JB jr for a ZTR ???? Whtes wrong w/ that picture!!!!


----------



## aegt5000 (Feb 22, 2004)

Brian...
That Swisher looks good on your GTH2548.

sixchows...
Congrat's on the JBjr for the Craftsman.
Why did you decide on putting it on the Craftsman and
not one of the 1050's ?


----------



## guest2 (Dec 27, 2003)

aegt
You know I really wanted one for the 1050's. I have 3 of them running and one has hydraulic lift. And it's RED! The problem is the lift link will bend before getting any down pressure and the over travel is only 1". On the craftsman, the over travel is 4" and there isn't any lift link to bend. The bucket for the craftsman is also larger. On the other hand, I feel the bolens is a stronger overall tractor and the locking diff would have come in handy. Another thing is the snowblower is on the craftsman for 4 or more months a year so I would get more time with it on the bolens. And the bolens are still going strong after 30+ years, I'm not sure the craftsman will be. At some point I just had to choose one over the other.


----------



## aegt5000 (Feb 22, 2004)

sixchows...

I'm not sure I understand what the "Over Travel" is.
Is this the distance the bucket will travel after it is down and
level with the ground ?


----------



## guest2 (Dec 27, 2003)

It's supposed to be how much lower you could go to either scoop or back drag.
I guess like when you can make an FEL equipped tractor raise itself off the ground?


----------



## Ingersoll444 (Sep 17, 2003)

> _Originally posted by sixchows _
> *aegt
> You know I really wanted one for the 1050's. I have 3 of them running and one has hydraulic lift. And it's RED! The problem is the lift link will bend before getting any down pressure and the over travel is only 1". On the craftsman, the over travel is 4" and there isn't any lift link to bend. The bucket for the craftsman is also larger. On the other hand, I feel the bolens is a stronger overall tractor and the locking diff would have come in handy. Another thing is the snowblower is on the craftsman for 4 or more months a year so I would get more time with it on the bolens. And the bolens are still going strong after 30+ years, I'm not sure the craftsman will be. At some point I just had to choose one over the other. *



Seems strange that the 1050 one would be smaller. Wonder if they have the "It's only 10HP" mantalty? As for the lift link. What is it made of? My Ingersoll plow blades are worked by a link that runs from midway on the tractor, to the blade, and it will EASYLY lift up the tractor with no deflection. It is made out of tube. I would love to get one of these buckets. It looks like for my use, it would be perfect. Just at this time, it will not fit in the ol' budjet.


----------



## guest2 (Dec 27, 2003)

Paul
The lift link is flat and connects to the bucket with a slotted opening to allow the bucket to float on the opposite end on the tractor lift there is a round pin that the bar hooks over and is secured with a spring cotter. The general opinion seems to be that they could make the link with a hole on each end and do away with the groove but the stress will eventually snap the pin if the link is reinforced or made from a tube.

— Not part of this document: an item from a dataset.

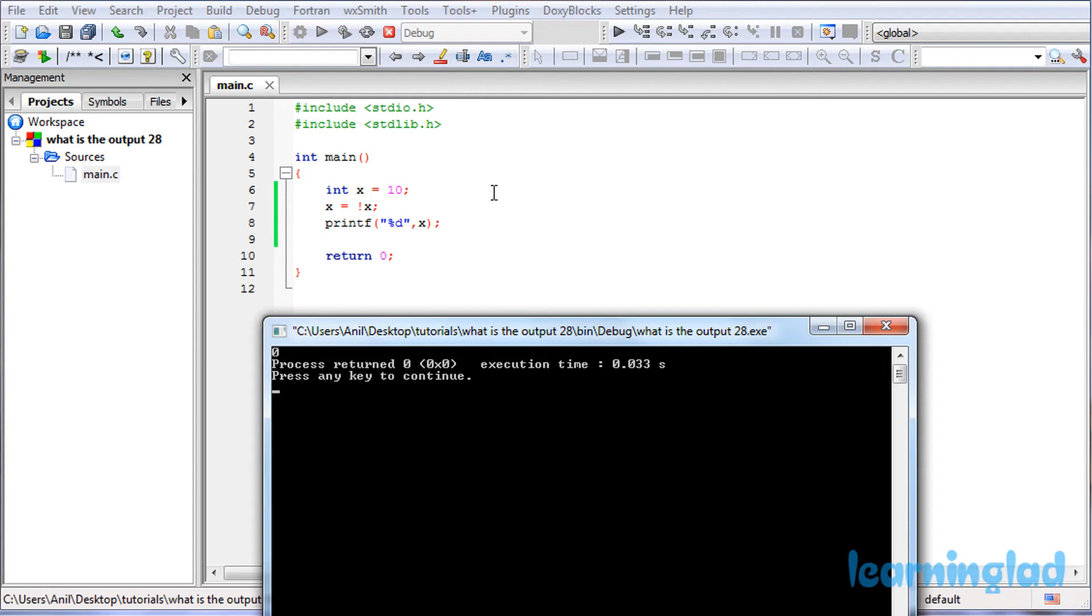And as I told you before, this not is a logical operator, and for this operator if you give true then it's gonna return false, and if you give false then it's gonna return true.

I'm sure the design could be improved with the actuators he is now useing but I guess there aren't many requests for it. On the other hand did you see those two 12hp tubeframes with the FEL's on ebay recently? These tractors are more than capable.


----------



## jferriolo (Dec 27, 2013)

Hi new to site would like info on putting mini fel on jd 318
I have already installed swisher bucket and want to take the next step to a mini loader like the buford bucket


----------